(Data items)
##############################

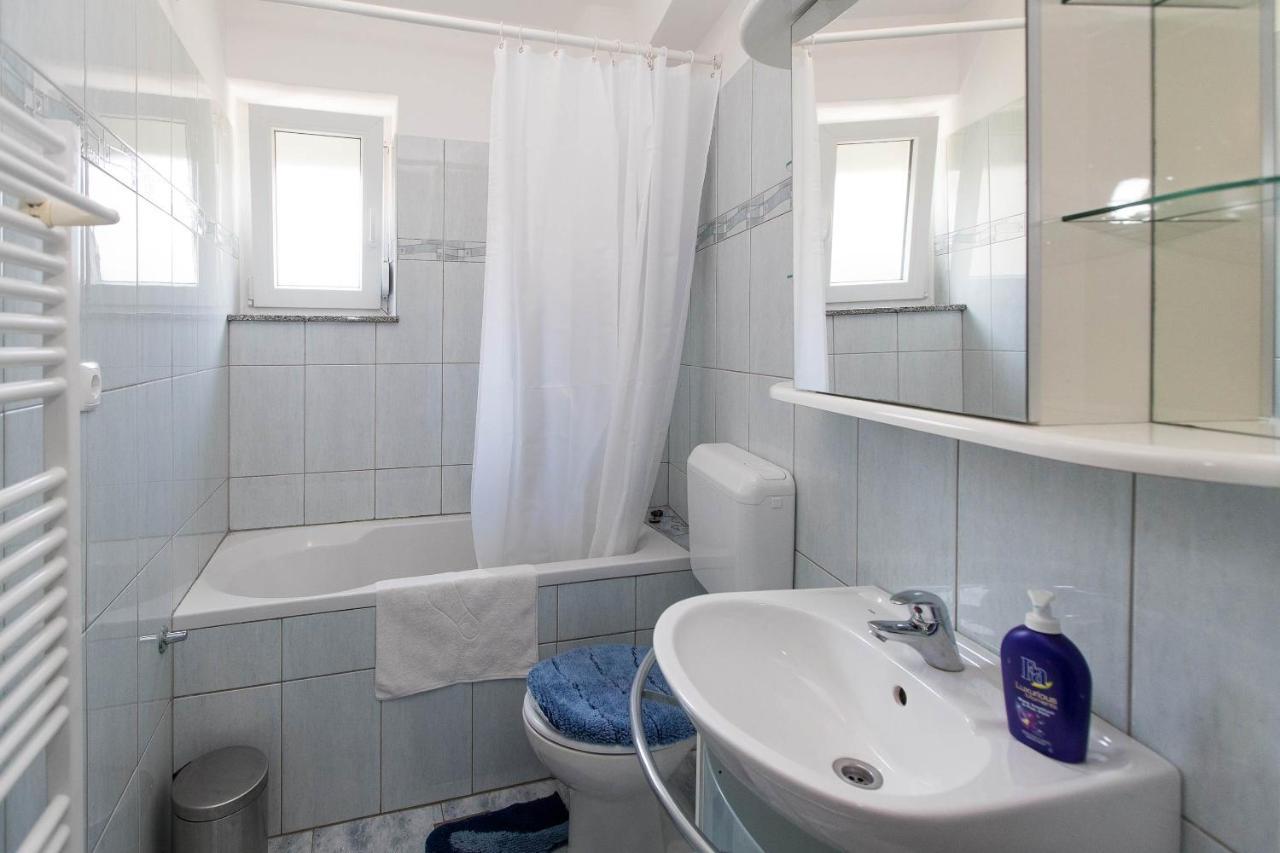 קריקווניצה Apartmani Vera מראה חיצוני תמונה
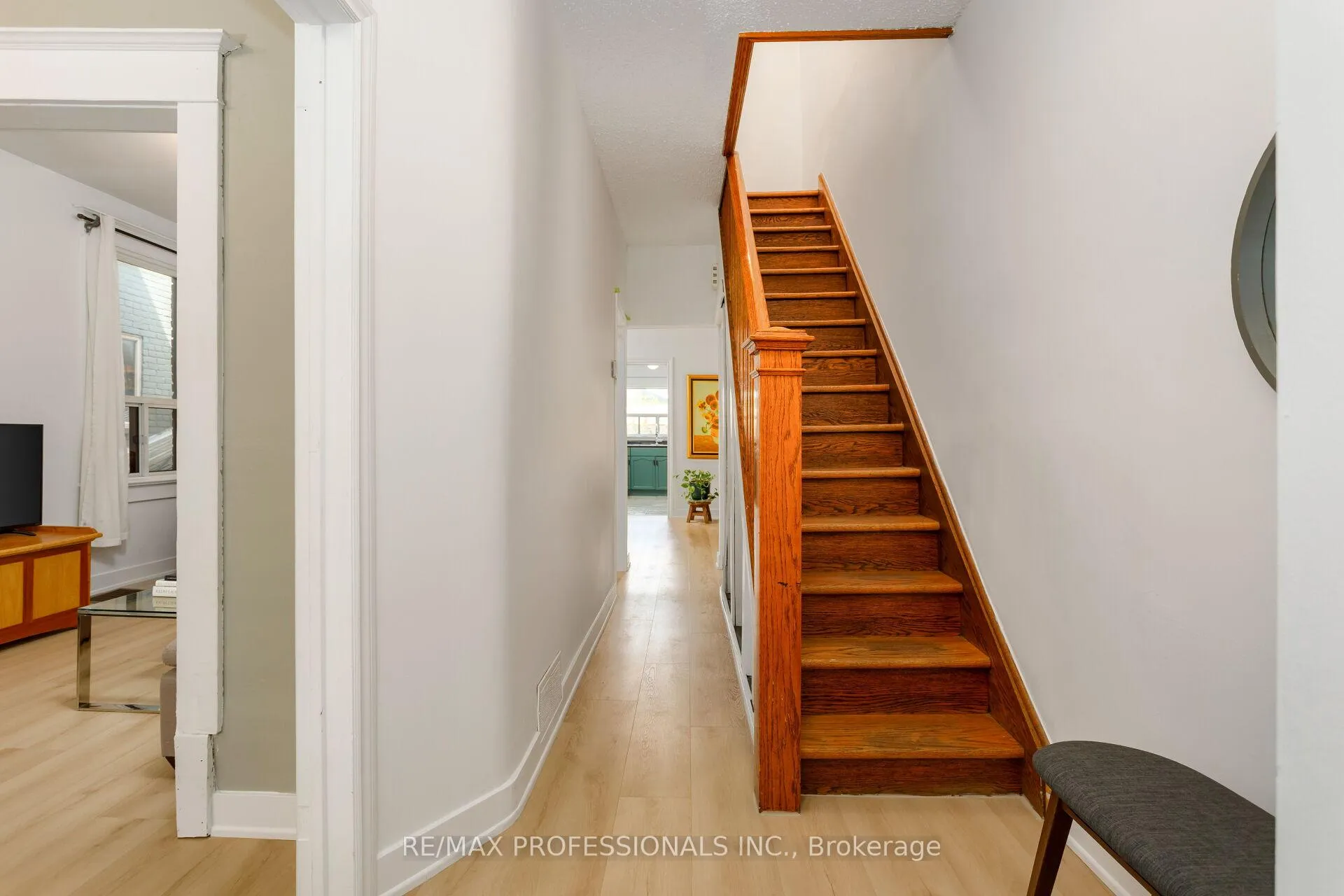 Photo 4 of 199 Osler Street, Toronto, Weston-Pellam Park — HOMEH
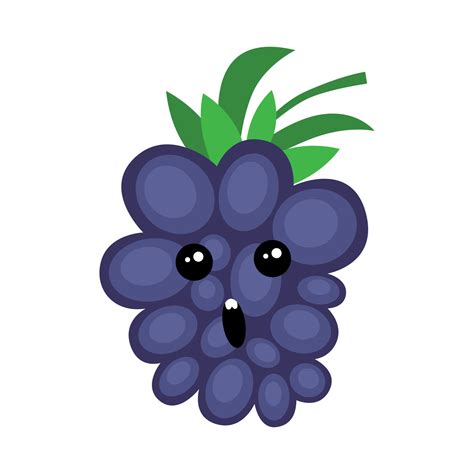 Set Of Berries 13726808 Vector Art At Vecteezy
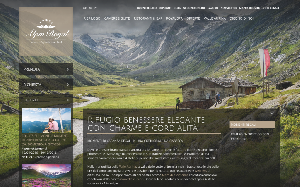 Il sito online di Alpin Royal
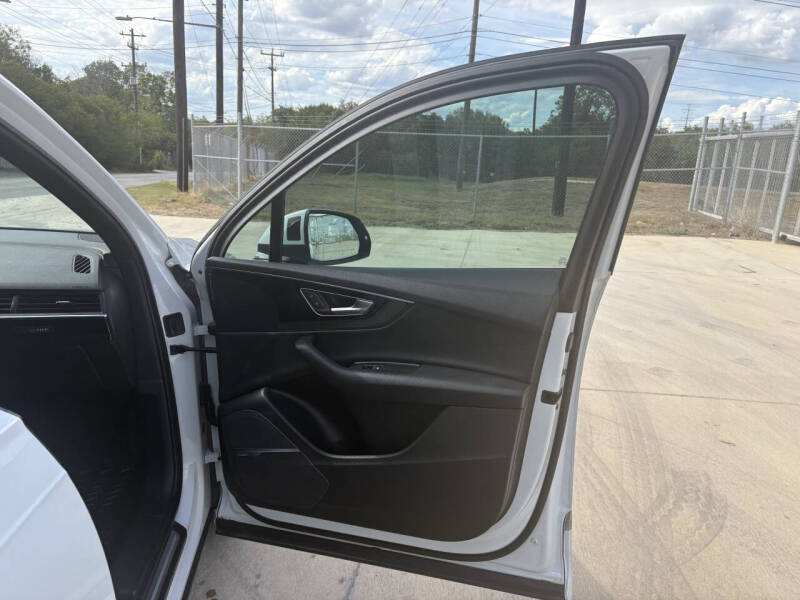 2018 Audi Q7 3.0T quattro Premium Plus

##############################

_Problem requirements:_ Exactly as written above, print every record, and keep the pictures out.

_Answer space:_
 קריקווניצה Apartmani Vera מראה חיצוני תמונה
 Photo 4 of 199 Osler Street, Toronto, Weston-Pellam Park — HOMEH
 Set Of Berries 13726808 Vector Art At Vecteezy
 Il sito online di Alpin Royal
 2018 Audi Q7 3.0T quattro Premium Plus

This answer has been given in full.